::: Available data

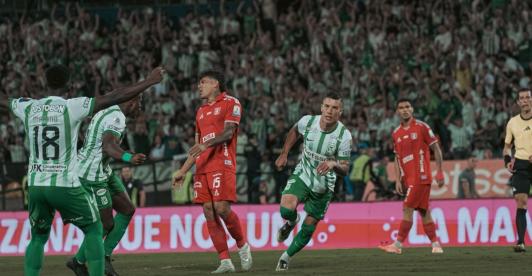 Atlético Nacional vs. América. / Foto: X Atlético Oficial.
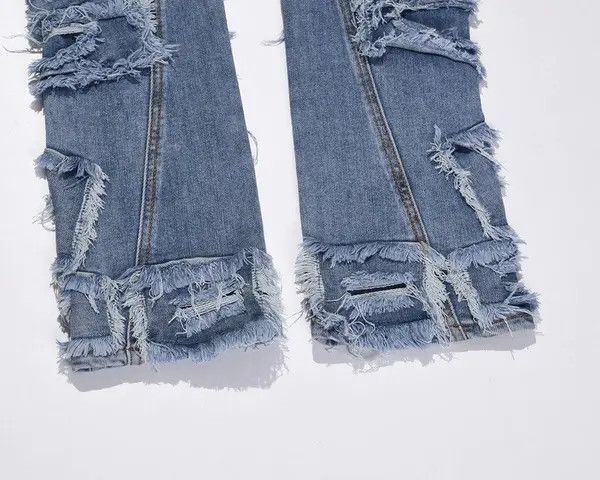 Vintage Fukuoka x Ema ripped fade flare damaged jeans Size US 30 / EU 46 - 4 Thumbnail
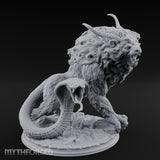 Many Mouthed Chimera Beast Miniature for Dungeons and Dragons, Pathfinder or other TTRPGs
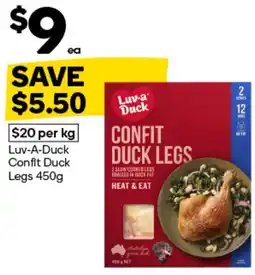 Woolworths Luv-A-Duck Confit Duck Legs offer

::::::

» The task
Could you retype every line above exactly as it appears, skipping the pictures?

» Result of the task
 Atlético Nacional vs. América. / Foto: X Atlético Oficial.
 Vintage Fukuoka x Ema ripped fade flare damaged jeans Size US 30 / EU 46 - 4 Thumbnail
 Many Mouthed Chimera Beast Miniature for Dungeons and Dragons, Pathfinder or other TTRPGs
 Woolworths Luv-A-Duck Confit Duck Legs offer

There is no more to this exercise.